The exhibit will also be open from noon to 2 p.m. on Saturday and 5 to 7 p.m. on Sunday.
Also on Friday: Gather around for the festival's annual block party (7 to 10 p.m.) at the theatre's barrio stage (321 E. Fourth St.)
The party will feature live music from We're from Antarctica, plus an unveiling by muralist Monica Salazar and an appearance by wrestlers from the Lehigh Valley Athletic Council.
Attendance is free.
"We are at a beautiful moment right now. Artists are so hungry for a chance to have audience and to get their artwork out and audiences are really hungry for feeling a sense of reconnection."Mary Wright, Director Festival UnBound
The festival will also offer several free educational workshops on Saturday.
"Seeds and Stories from the Land of the Lenape" will combine paper and poetry with stories by Lenape Nation of Pennsylvania's Chief Language Officer Shelley De Paul.
Participants will meet at 9:45 a.m. at the Northampton Community College (NCC) Fowler Family Southside Center, on 511 E 3rd Street, and be shuttled to NCC's Green Pond campus.
Additionally, Basement Poetry's Chloe Cole Wilson will teach a writing and paper workshop at Touchstone's Theatre Café (321 E. Fourth St.) at 10 a.m.

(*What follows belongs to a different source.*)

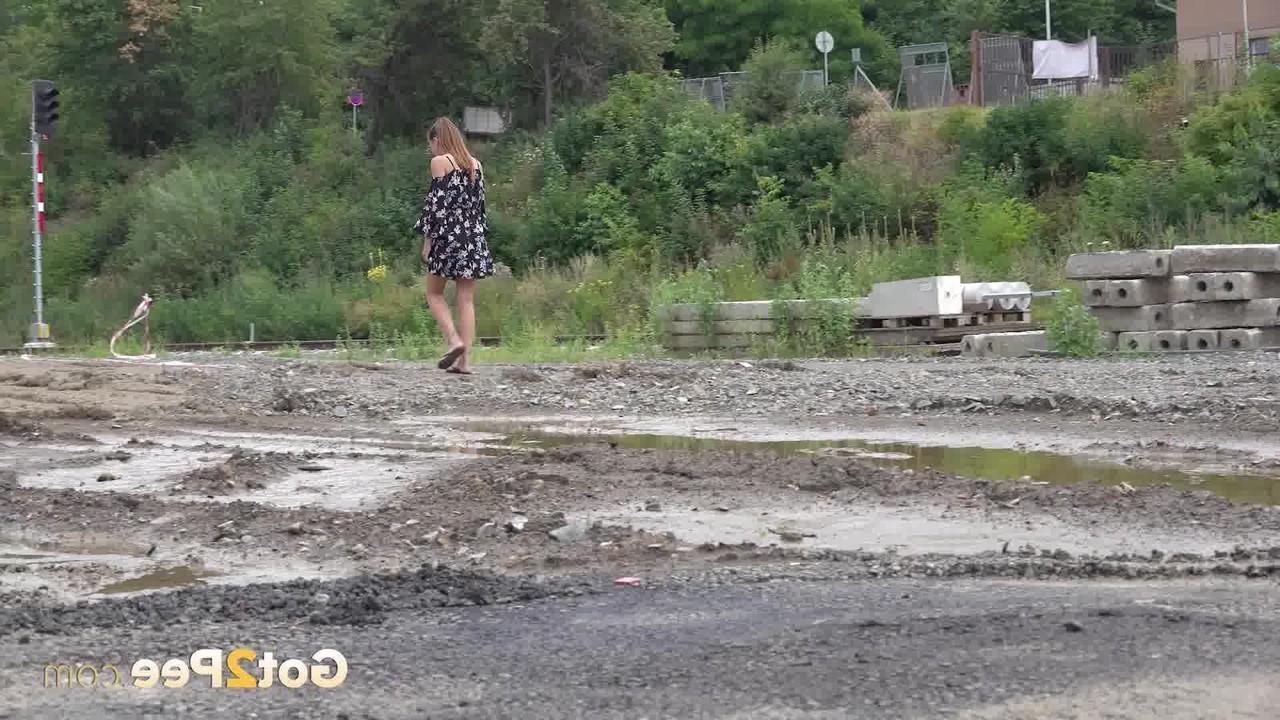 15P Yenna takes a piss in a puddle while wearing flip-flops
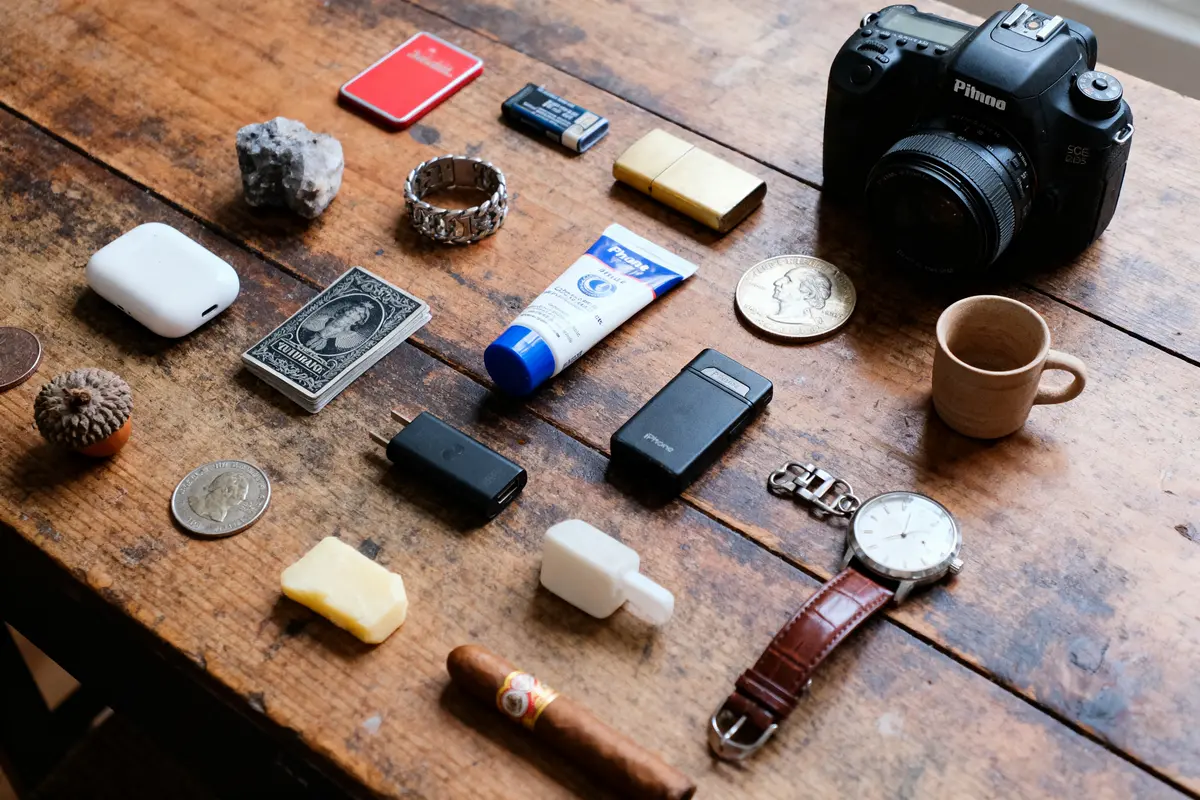 Objets variés sur table en bois incluant appareil photo, montre, tube, pièce, carnet, bague, USB, gobelet.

Attendees will fold paper sunflowers while sharing poetry, short stories and monologues created for story slam.
Also at 10 a.m., local dance instructors will teach three traditional dance moves from Mexico, Ukraine and the Middle East.
The event is at the Northampton Community College's Fowler Family Center.
At 11 a.m., the Bethlehem Area Public Library (11 W. Church St.) will host a Story Soup for kids with storyteller Ingrid Bohn. The event is recommended for children in grades second through fifth.
In need of some faith?
Several religious leaders from the Muslim, Jewish and Christian communities will come together to present prayers and share music during a devotional gathering at 1:30 p.m. at the Ice House.
Songwriting, live concert
This year's artist-in-residence, Jesse Ruben, will present a songwriting workshop at 10:30 a.m. on Saturday at the Godfrey Daniels Coffee House, 7 E. Fourth St.
Ruben, a Philadelphia native now based in New York City, is most known for the song "We Can" which he wrote to to motivate others to begin running.
The song became a hit in schools in Canada and the States to build the self-esteem of students (as part of his residency he'll speak to students in the Valley).
His concert will take place at 7 p.m. in the coffee house.
Tickets are $19.50
The festival ends with a 30-minute meditation session where organizers will reflect on the meaning of home and the community.
Attendees can participate in person or virtually.
As with previous celebrations, grab an orange reflection star at the front of the house table and follow the provided instructions.
"The closing is a chance for people to make a pledge for the coming year of something they want to do to help the community," Wright said. "The festival doesn't exist in a vacuum. It is part of a year-long process. Building community takes time and it takes personal commitment."
The event takes place in front of the ice house at Centennial Park on 56 River St.